Fides, nous dit encore Mme Girard, va continuer à publier, au rythme de cinq, six par année, des récits et des romans de jeunes auteurs comme Whisky berbère de Marie-Ève Martel et des traductions comme Les Suites pour violoncelle seul d'Eric Siblin. Au programme aussi, des ententes de mise en marché avec des maisons étrangères; celle conclue avec les Éditions des Deux Terres nous amènera en août prochain le roman Désaccords mineurs de la Britannique Joanna Trollope.

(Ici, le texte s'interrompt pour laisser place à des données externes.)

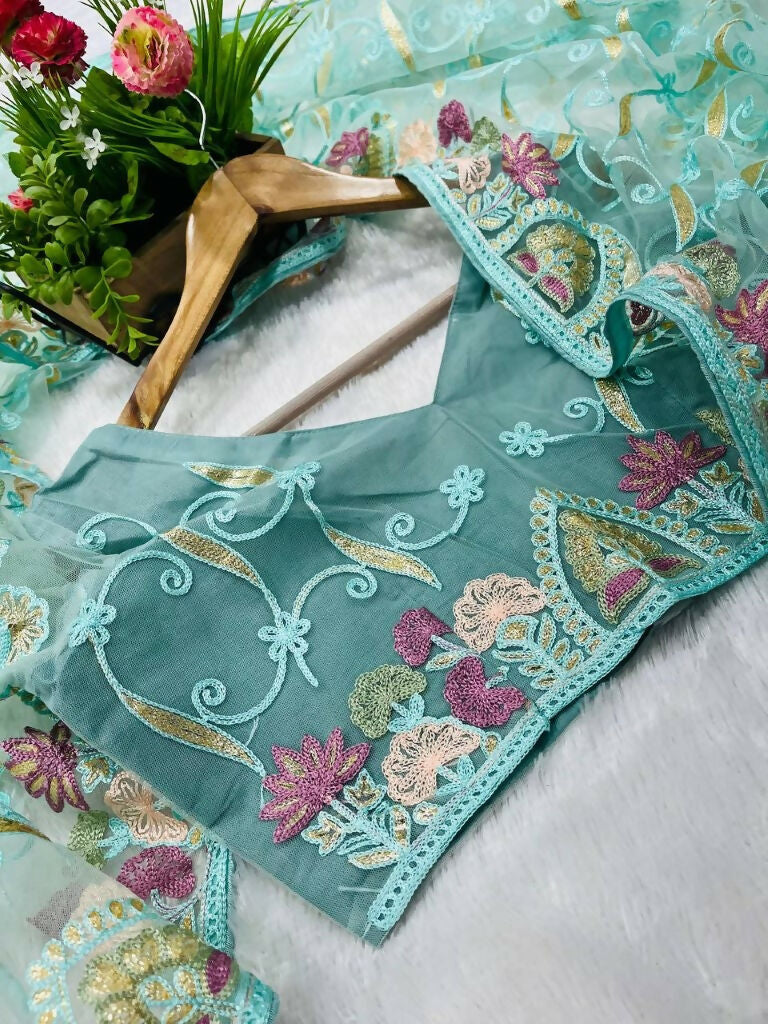 Vastranavya Soft Crush Georgette With Embroidery and Foil Multi Thread Work Saree - Turquoise | Grocsy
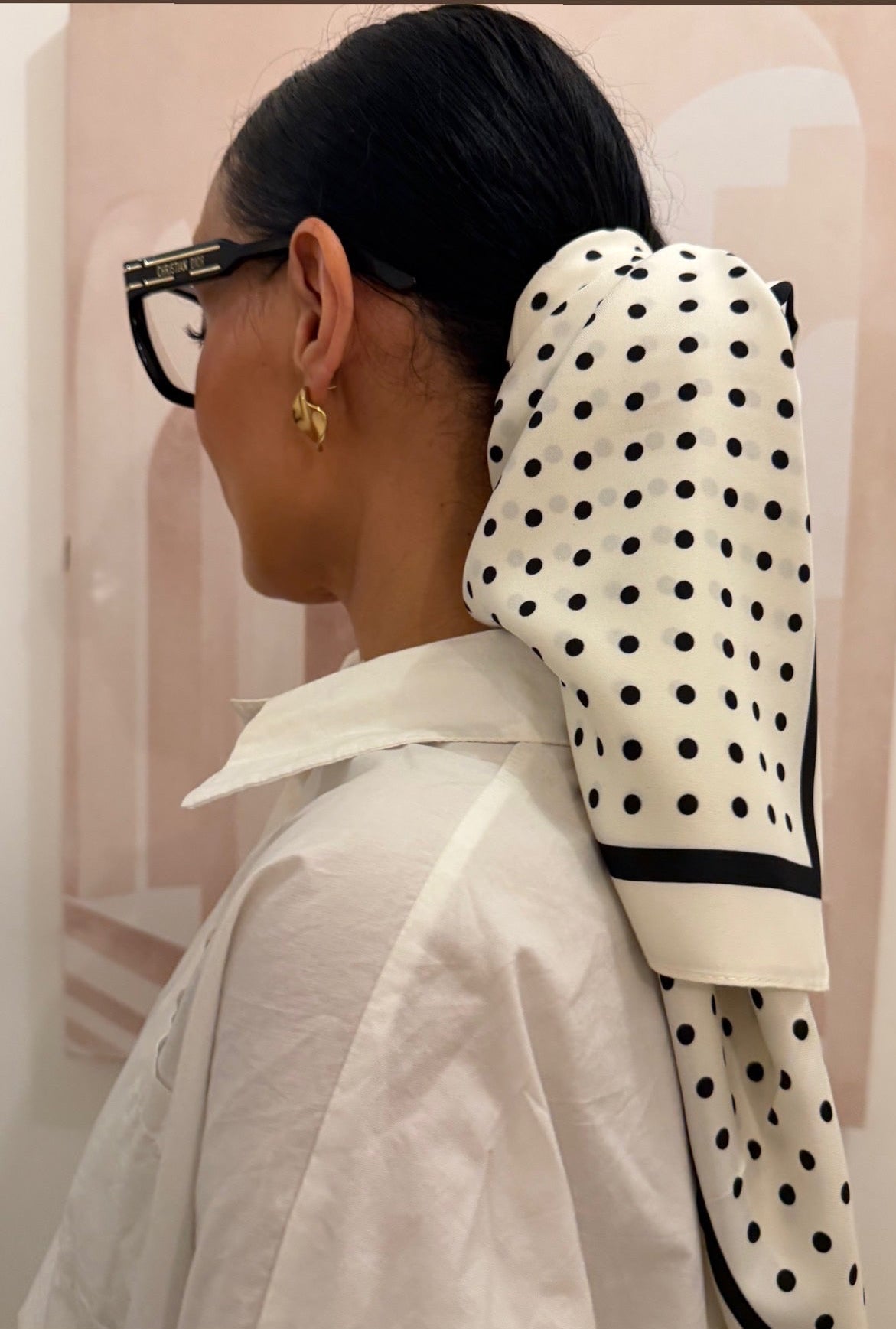 Foulard Satiné Blanc à Pois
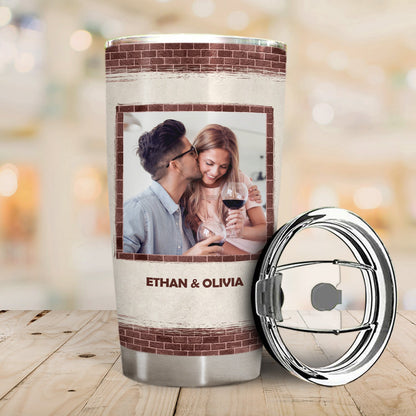 Couple Custom Photo You're The Only One Brick Ver - Gift For Couple - Personalized Custom Tumbler
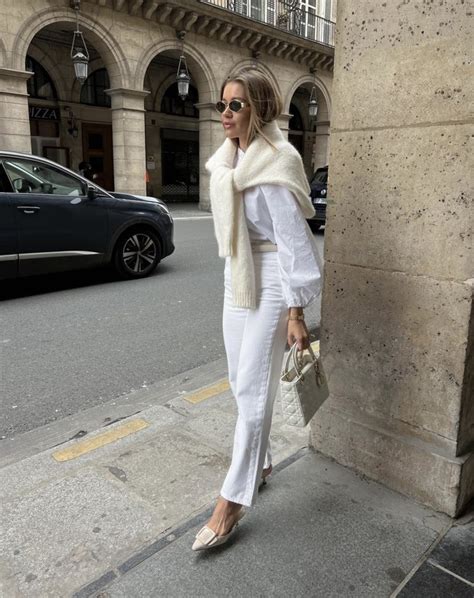 vestito bianco e beige|Outfit total white: come abbinare il bianco per look .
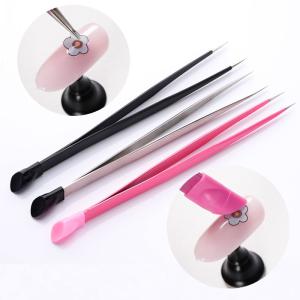 Wholesale 2 Heads Nail Care Tools Light Weight Tweezers With Silicone Pressing Head from china suppliers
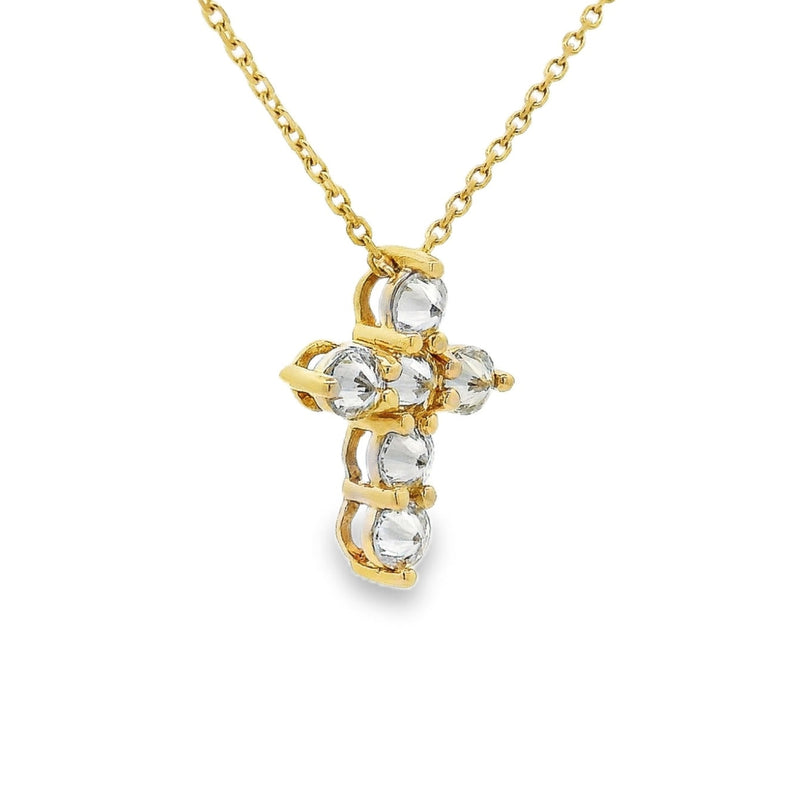 Yellow gold upside-down cross necklace with clear and yellow diamonds in a cluster design.
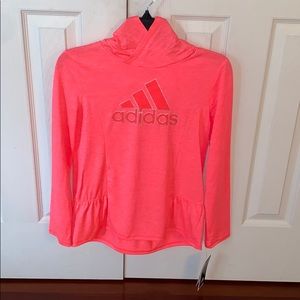 Girls coral Adidas hoodie brand new with tags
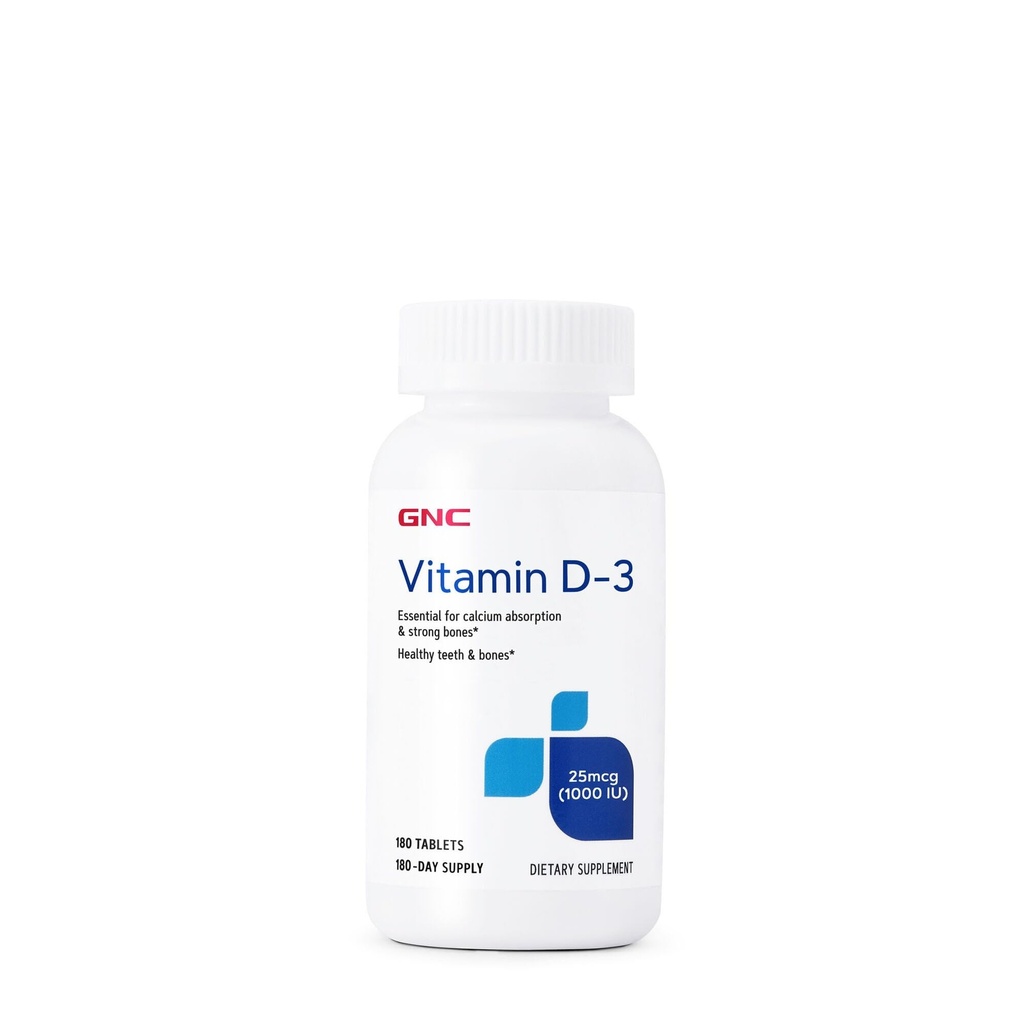 GNC 维生素D-3 25毫克,支持健康的牙齿和骨头,180片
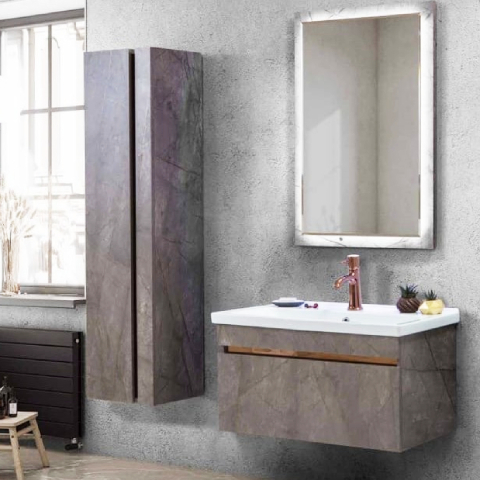 Martat - Martat Banyo Marble 80 cm Banyo Mobilyası Takımı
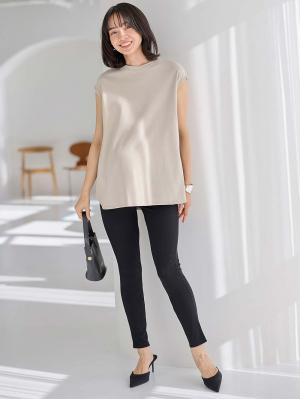 マタニティ パンツ|冷感リブらくちんレギンス　マタニティ・産後【出産後も長く使える】fairy（フェアリー）|ブラック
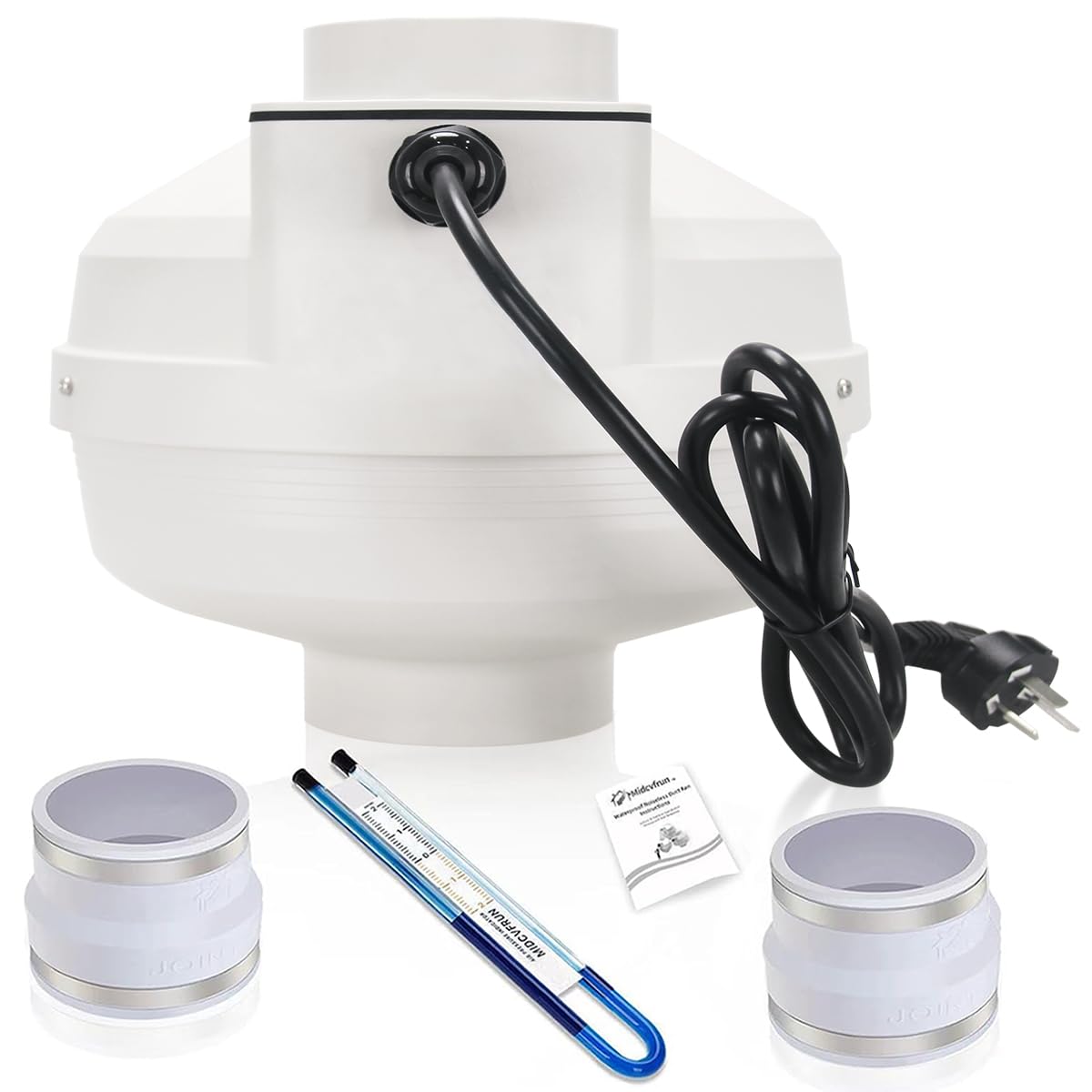 Photo 1 of MIDCVFRUN 4 inch Radon Fan Installation Kit -Radon Mitigation System Kit with Rubber Couplers (4 inch x 4 inch) and Air Pressure Indicator Indoor Outdoor IP67 Waterproof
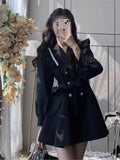 Nukty Korean Black Blazer Dresses for Women Fashion Elegant Chic Double Breasted Lantern Sleeve A-line Autumn Casual Mini Dress New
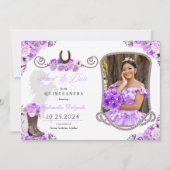 Invitation Western Lilac Quinceañera Enregistrer La Date Phot (Devant)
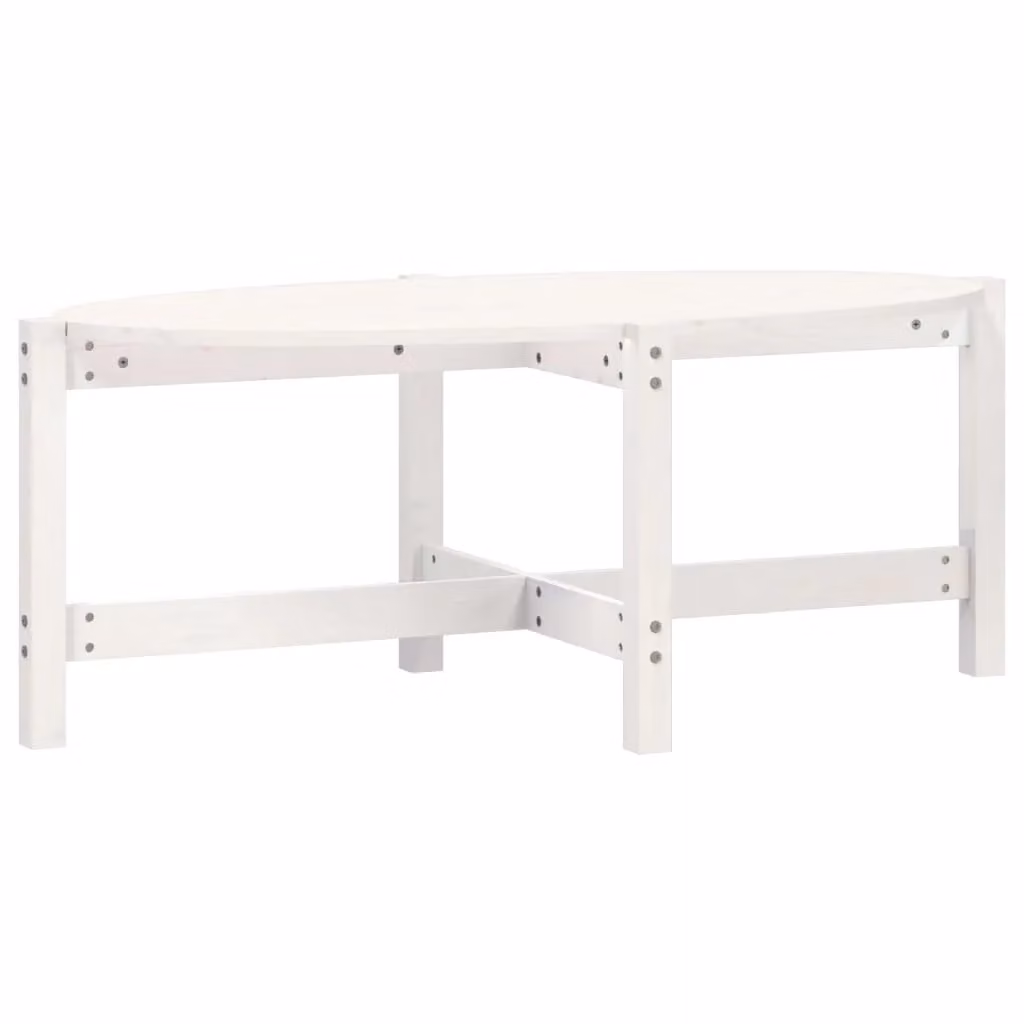 Berkfield Home White Rustic Solid Wood Pine Coffee Table, W/D/H: 118 x 63 x 45 cm – 2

Finalement, Guylaine Girard met ses plus grands espoirs dans la nouvelle série de poche Biblio, «un débouché naturel» pour Fides qui, dans sa nouvelle vie, exploite une division appelée Fides Éducation (ex-St-Martin) , spécialisée dans les ouvrages d'enseignement collégial et universitaire. Premier titre de Biblio Fides: Les yeux de Maurice Richard de Benoît Melançon, prix Marcel-Couture 2006 du Salon du livre et déjà un «classique canadien».

FIDES EN CINQ DATE

1941

Fides publie son premier livre: Mon fiancé, dans la collection Face au mariage qui comptera bientôt 23 titres, la plupart signés Gérard Petit, un père de Sainte-Croix qui quittera les ordres en 1950.

1944

La réédition du roman Menaud, maître-draveur, de Mgr Félix-Antoine Savard, est le premier titre de la Collection du Nénuphar de Fides, collection patrimoniale de «classiques canadiens» qu'on appellera plus tard la «Pléiade québécoise»; suivra en 1945 Poésies d'Émile Nelligan.

1960

Fides lance la première collection de poche du Québec, Alouette, dont la série Bleue deviendra La Bibliothèque canadienne-française puis La Bibliothèque québécoise; propriété commune depuis 1988 de Leméac, Hurtubise et Fides (qui s'est retirée l'an dernier), BQ compte plus de 225 titres.

1978

Publication du tome 1 du Dictionnaire des oeuvres littéraires du Québec, premier pas vers l'établissement d'un corpus qui, en suivant l'évolution de la notion de littérature, vient de s'agrandir d'un 8e volume (1986-1990).

2011

Lancement du premier des Cahiers Fernand Dumont, consacrés à l'oeuvre du sociologue et essayiste (1927-1997), l'un des plus brillants penseurs de l'histoire du Québec. L'après-titre des Cahiers définit un peu, par ailleurs, une des missions de Fides: Pour l'avenir de la mémoire.